Transferring assets is all well and good if you don't
need them yourself. Not everyone can predict the future and may not be
prepared to give their wealth away so easily. Some gay clients give a
look of horror when it is suggested. A great deal depends on how strong
your relationship is with your partner.
Exemptions
There are a number of exemptions and annual allowances
that you should be aware of. Those listed below include the main considerations. 
Most Common
- The first £250,000 of any estate is exempt (Tax Year 02/03)
- An individual may give up to £3,000 every year during his or
her lifetime. Any unused balance can be carried forward for one year
only. The current year's exemption has to be used prior to the previous.
- Outright gifts of up to £250 to any one person in a tax year
are exempt.
- Transfers of any property between spouses, either during lifetime,
or on death, are exempt provided the recipient is resident in the UK.
This is one of the few advantages I can think of to being straight and
married!!!
- Gifts are permitted in respect of marriage, £5000 by a parent,
£2500 by a grandparent, £1000 for others.
- Gifts to charity which are solely for the charity's purposes
- Transfers conferring pension benefits
Less Common
- Transfers which are deductible for income tax purposes, e.g. charitable
covenants and gift aid payments
- Gifts to qualifying political parties
- Transfers of National Heritage property subject to certain conditions
Alternative Planning
Using Insurance to Pay the Tax
Once you've worked out the liability your beneficiaries
will have to face, alternative planning can be considered.

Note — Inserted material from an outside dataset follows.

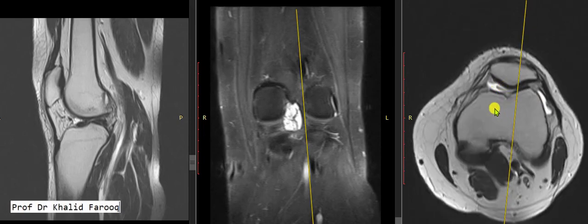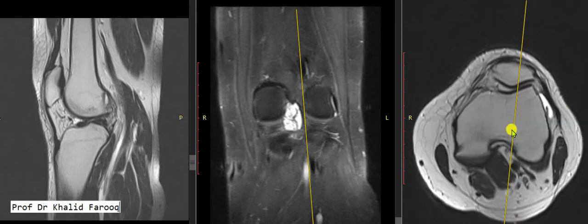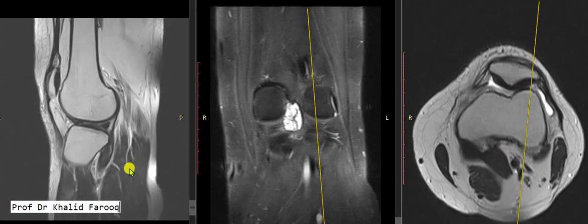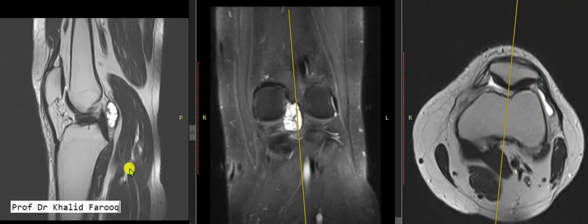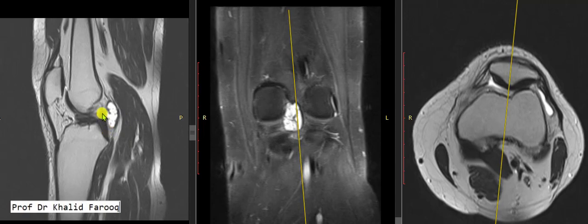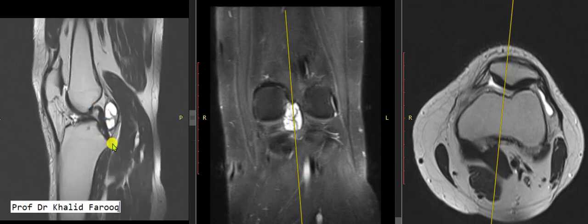A very tiny strip of reactive fluid is appreciated in the suprapatellar bursa. Overall, the patellar retinaculum and retropatellar cartilage are unremarkable. In summary, this case demonstrates a total chronic ACL transection with a multi-septated ganglion cyst along the posterior aspect of the posterior cruciate ligament, and a very tiny strip of fluid in the suprapatellar bursa. Thank you very much. Assalamu alaikum wa rahmatullah.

Many people insure against the tax bill by writing a
life policy in trust. This plan is designed to pay their partner following
death the expected sum required. This route has a monthly cost of an insurance
premium, but normally is cost effective. This planning is especially effective
if initiated early enough. 
The plan would be written on a whole of life basis and
is guaranteed to pay out if maintained through to the end. Experience
shows that people maintaining whole of life assurance for a specified
period get a very good deal. This is due to the fact that not everyone
who takes this type of policy continues it through to the end.
If the sums assured are kept to a sensible level there
are life assurance companies that will write this type of insurance without
personal questions and a lifestyle questionnaire. Need I say that you
should obtain gay advice on this subject? 
Investing into Trusts
With careful investing you can also avoid IHT. There
are a number of specialist 'Tax Plans' designed specifically for this
purpose.
They invite investments to be held in a special kind
of trust. Although they require the investor to gift their money, this
type of trust will allow withdrawals by you at set points of time in the
future. This type of scheme will allow assets to be transferred free of
IHT to your beneficiaries after seven years. If the investor were to die
during the seven years, tax would be saved on a sliding scale. The earlier
this type of strategy is adopted the better.

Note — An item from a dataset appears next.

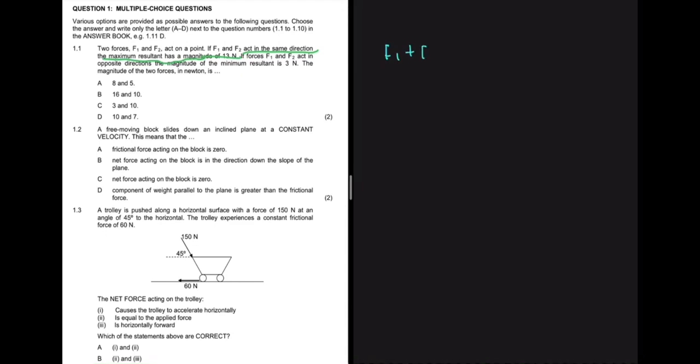When two forces F1 and F2 acting on a point, if F1 and F2 act in the same direction, the maximum resultant has a magnitude of 13 newtons. We're essentially saying that F1 plus F2 is equal to 13 newtons.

The withdrawals are permitted, as they are encashments
of the original policies at set dates. A strategy would be agreed (with
your financial adviser) coinciding these withdrawals with future events.
These events could be the purchase of a holiday home; extra cash during
your intended retirement year or a world cruise. Normally such plans can
be split up to 100 times, allowing serious planning and strategy to be
built.
You must be aware that the full use of the capital is
sacrificed by yourself at the time you make the investment. This type
of plan would be unsuitable for all of your assets but could fit within
a wider overall strategy.
As you can see, by acting early enough you can save
literally thousands of pounds in tax. A combination of the above plans
can provide a diversified and flexible approach to your future planning.
Please seek advice on this subject before making decisions.